Melodías de Manhattan
A veces, escribir puede ser como cantar. Está muy bien lo de componer nuevas canciones y todo eso; pero si uno tiene oído e instinto musical, si tiene una voz bonita y educada, si sabe frasear con un estilo propio, lo mismo da quién haya compuesto la canción, ni cuándo. Será de quien la canta, o al menos lo será mientras la canta. Quien lea El hombre que inventó
Manhattan, la última novela de Ray Loriga, sentirá enseguida que conoce la melodía que el libro entona. Podrá entretenerse un rato, al principio sobre todo, tratando de identificarla, tarea por lo demás nada difícil. Pero muy pronto se mecerá al ritmo de esa melodía, ya sin escudriñarla. Y al cabo se rendirá al encanto propio de la versión tan personal, y a ratos magistral, que de ella ofrece el autor.

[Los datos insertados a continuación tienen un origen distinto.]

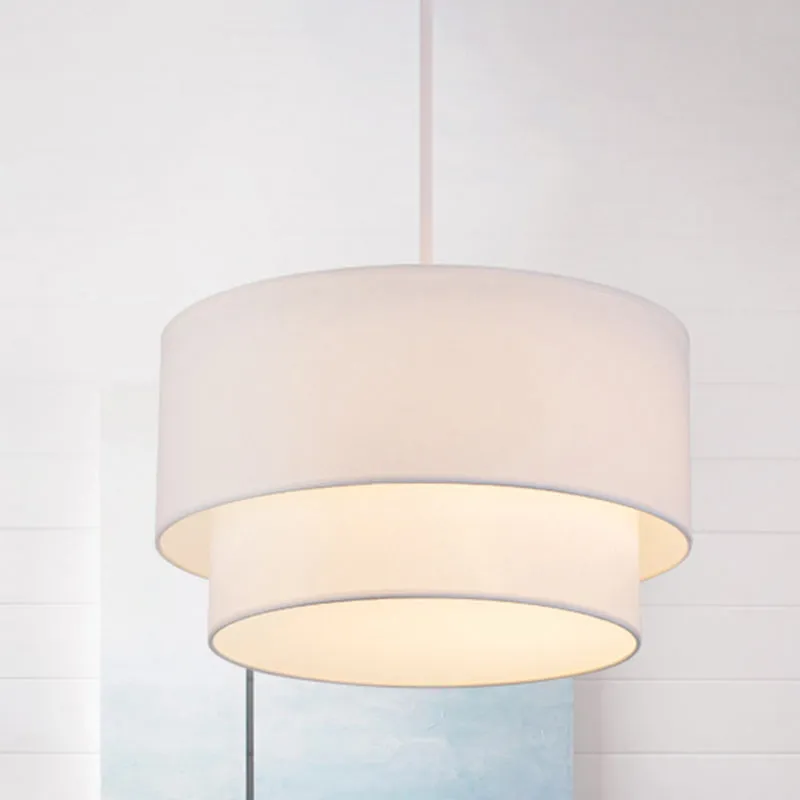 1-kops dinette plafond hanglamp moderne witte/vlas/zwarte hanglamp met dubbele trommel stoffen kap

EL HOMBRE QUE INVENTÓ MANHATTAN
Ray Loriga
El Aleph. Barcelona, 2004
192 páginas. 19,95 euros
Ray Loriga ha escrito su novela americana. O más exactamente: ha escrito su novela de Nueva York. Lo ha hecho como quien, de regreso de haber estado allí (donde Ray Loriga ha pasado, de hecho, cinco años), publica su diario de viaje o expone los bocetos o las fotografías que allí tomó, y en los que impepinablemente comparecen la Quinta Avenida y el Empire State, el hotel Chelsea y el edificio Dakota, el Central Park y Harlem, el puente de Brooklyn, y las Torres Gemelas, y Times Square, y el Chrysler Building, y Chinatown y las alcantarillas humeantes. Ray Loriga ha escrito todo eso aceptando, desde un comienzo, que Nueva York, o mejor dicho Manhattan, tanto como una ciudad, o incluso más que una ciudad, es un género literario (como es también un género cinematográfico). Así que Ray Loriga ha escrito, en definitiva, una novela de género. Y en la misma medida en que se acepta eso, lo de que ha escrito una novela de género, conviene añadir, muy convencidamente, que la ha bordado.

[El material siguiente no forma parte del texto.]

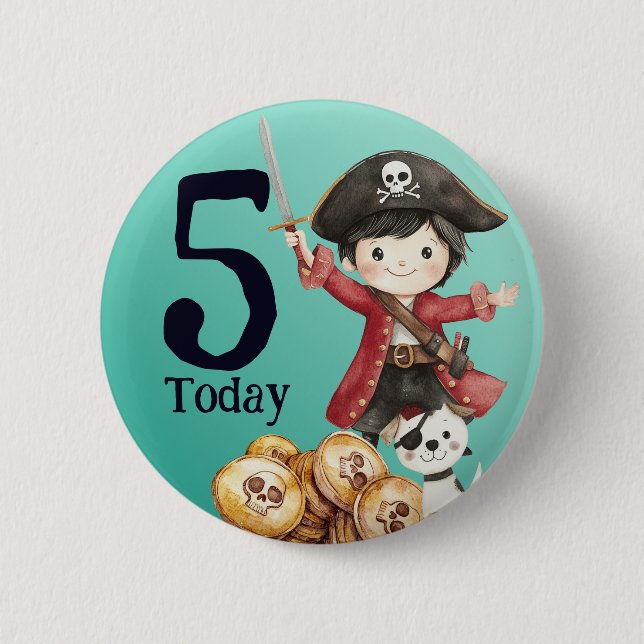 Cute Blue Pirate child's Birthday Button (Front)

El hombre que inventó Manhattan es una novela coral, un consabido retablo de vidas cruzadas compuesto de múltiples viñetas, más de treinta, hilvanadas en torno al recuerdo de Charlie, el hombre encargado del mantenimiento del edificio de apartamentos en que vive el narrador. Un tipo -el narrador- que muy bien podría ser el mismo Ray Loriga, de igual modo que Charlie, que terminó por suicidarse y que en realidad se llamaba Gerald Ulsrak y era rumano, muy bien podría ser cualquiera de los emigrantes que con sus recuerdos, con sus fantasías, con sus ambiciones, con sus deseos, también con sus tics y con sus manías, pueblan e "inventan" cada día Manhattan y protagonizan buena parte de las historias aquí reunidas, acerca de las cuales, ceremoniosamente, advierte el narrador: "Todas las historias de este libro son parte del sueño de Charlie, todas son inventadas, aunque muchas, la mayoría, son ciertas".

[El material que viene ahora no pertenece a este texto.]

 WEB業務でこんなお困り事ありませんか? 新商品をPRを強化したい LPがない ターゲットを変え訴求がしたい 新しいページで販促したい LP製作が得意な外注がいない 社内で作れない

Lo de que sean ciertas o inventadas termina por importar tan poco como que lo de que sean originales o consabidas. El libro, se ha dicho ya, acierta a desmarcarse de esta discusión al asumirse, valga insistir en ello, como un libro de género. A partir de lo cual, lo que importa es que Loriga saca a relucir con este propósito sus mejores dotes como narrador -valdría también decir sus mejores "poses"-, manejando con autoridad y con ironía los hilos de sus criaturas, practicando estupendos pastiches de serie negra, urdiendo magníficos diálogos (impagables conversaciones telefónicas entre el vendedor de pianos Arnold Grumberg y su madre), rindiendo homenajes más o menos explícitos a alguno de sus gurús (soberbia viñeta dedicada a William Burroughs), acariciando con humor y con fino tacto los pliegues en que se agazapan el extrañamiento o la perplejidad, la tristeza o la pena.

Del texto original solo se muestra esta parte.